__INSTRUCTIONS TO FOLLOW__.
The pictures stay out. Please retype every line below exactly.
** Opening COLLECTED DATA block **
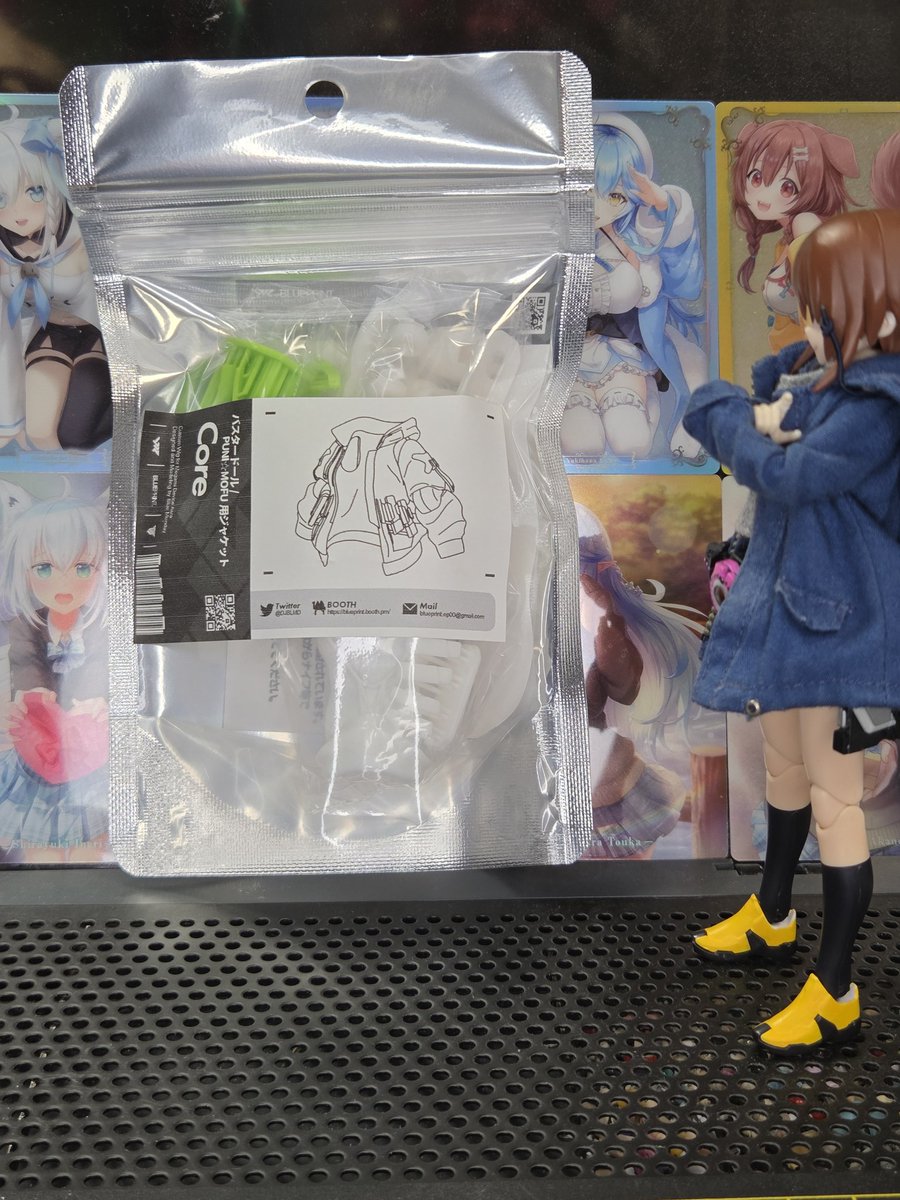 すぐみ｢例のブツが届いたみたいっスね｣
ブルーマンデー(<a href="/DJBLMD/">ブルーマンデー/BLUEPRINT. 【WF卓番:4-20-03】</a> )さんのところで購入させて頂いたジャケット着弾！
これでぽぷさんのジャケットを進化させられる…！
#金潟すぐみ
** Closing COLLECTED DATA block **
__PROBLEM SOLUTION__.
 すぐみ｢例のブツが届いたみたいっスね｣
ブルーマンデー(<a href="/DJBLMD/">ブルーマンデー/BLUEPRINT. 【WF卓番:4-20-03】</a> )さんのところで購入させて頂いたジャケット着弾！
これでぽぷさんのジャケットを進化させられる…！
#金潟すぐみ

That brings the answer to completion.